Just to be clear: this isn’t specific to Hackage. Consider the following Stack configuration:

resolver: lts-12.0
extra-deps:
- https://example.com/my-file.tar.gz

Who’s to say that my-file.tar.gz isn’t changed at

some point, even if I control that domain name? Stack has no way of

guaranteeing such stability with the provided information.


Already today, Stack provides a more reliable way to specify the cabal file revision:

resolver: lts-12.0
extra-deps:
- acme-missiles-0.3@sha256:2ba66a092a32593880a87fb00f3213762d7bca65a687d45965778deb8694c5d1,613

However, we still rely on Hackage metadata for ensuring the

sdist tarball is unmodified. Why not just double down on the

hashing approach? With Pantry, we do just that! As an example (I’ll

share the source a bit later):


- hackage: ALUT-2.4.0.2@sha256:6fbceae566b3d63118c67db71645f48ba22b195c58328863d274a76fba086fc1,3895
  pantry-tree:
    size: 2402
    sha256: 8985dfc0fe299d313690cd4db86c511340f805df5e6d3fab79c15d36ac5d8c71

We’ve already discussed trees. In

this case, that 8985dfc… hash is a hash of the binary

representation of the tree, and that binary representation is of

size 2,402 bytes. Anyone following the same Pantry algorithm who

downloads the same ALUT-2.4.0.2.tar.gz file with the

same cabal file revision will end up with that same hash and file

size. Any Pantry caching server (which we still haven’t spoken

about!) will be able to serve up that information.


“You really expect me to enter all of that information each time

I add a dependency?” you may ask. The answer is: no, of course not.

That would be sadistic. Keep reading.


Resolving resolvers

The story with figuring out what lts-12.0 is much

the same. Stack parses that string and realizes it’s looking for an

LTS snapshot, major version 12, minor version 0, and goes to the

appropriate URL, downloads the contents, saves them locally… and hopes they never change at any point in the future.

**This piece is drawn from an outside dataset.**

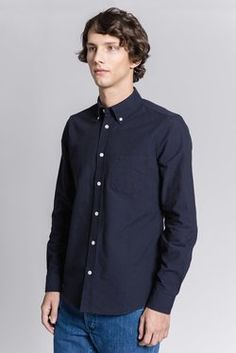 The Oxford Shirt - Dark Navy - Men's Classic Cotton Button Down Classic Shirt With Buttoned Pockets For Everyday, Classic Tops With Buttoned Pockets And Spread Collar, Classic Top With Buttoned Pockets And Spread Collar, Classic Shirt With Spread Collar And Buttoned Pockets, Classic Shirt With Snap Buttons For Everyday, Classic Slim Fit Tops With Pockets, Classic Business Casual Tops With Snap Buttons, Classic Unstructured Shirt With Snap Buttons, Classic Button-up Tops With Welt Pockets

I run that repo. I promise, unless there’s a major bug to be

fixed (like incorrect hashes), I don’t intend to modify those

files. They should be reproducible. But you shouldn’t

trust me. Seriously, assume I’m trying to break your project: it’s

the right mindset for thinking through reproducible builds.


Tomorrow, I could upload a new version of conduit with a back door in it, modify the lts-12.0.yaml file to use it, and the next time you run stack build with

a non-cached download, you’ll get my bug. The original time you

built and tested, everything would have worked just fine. But now

you’re wide open for an attack.


I probably sound like a broken record by now, but I think you

can guess where this is headed. That’s right: hash the snapshot

files too! Instead of resolver: lts-12.0, you’ll have something like the following (exact syntax still in flux):


resolver:
  url: https://raw.githubusercontent.com/commercialhaskell/stackage-snapshots/master/lts/12/0.yaml
  sha256: a55695a7236e46740e369d778d83e44475ed4f1c80783071835dae43658bada6
  size: 500006

You may have noticed that this is using a different repo than

previously. That’s because the Stackage snapshot file format is

changing with the new Pantry-based Stack to be the same as the

existing custom snapshot format. I’ve just completed converting all

of the LTS Haskell and Stackage Nightly snapshots over, feel free

to take a look if you’re interested. Bonus: these files are much

smaller by eliminating a bunch of extraneous information, which

we’ll keep separate from the snapshtos themselves.


Are you sadistic?

So back to that point: who in their right mind wants to right

down this kind of information? Obviously nobody. But this is

exactly the kind of thing tools are really good at writing instead!

Here’s my planned execution:


  • Add support for all of these hashes in Stack, retaining support for the hash-less configuration formats

  • Add a command (maybe stack freeze? bike shedding

    welcome) which either converts your config files in place to

    include the hashes, or spits out hashed version that you can

    copy-paste. The latter may be nicer to avoid trashing YAML file

    comments.

  • Add a warning to Stack when it detects you have hash-less values in your config files, and recommend running stack freeze

And here’s the mental model. You will end up being vulnerable to

bad content from upstream when you initially say

lts-12.0. But when you initially choose any

upstream snapshots or packages, you’re vulnerable to them

containing incorrect or malicious code. It’s your responsibility to

ensure you’re getting something you can trust, and no tool can fix

that for you.


But once you’ve vetted those files, you want your tool to ensure

that those files are never changed out from under you. Initially

specifying the simple format (e.g., lts-12.0), testing

your configuration, and then adding in the hashes, achieves this

goal. And fortunately, our tooling can make this (relatively)

painless.


What’s next?

I still haven’t implemented the freeze command, so that’s on the

horizon. There are also still lots of pieces of unimplemented code

in the pantry branch. But most likely I’m going to

take a break from the Stack work itself soon, and start working on

a new Stackage curator tool that works with Pantry, and makes it

much easier for others to test their own snapshots. It will also

make it easier to create snapshots with packages outside of Hackage

for easier testing of proposed code changes. Stay tuned!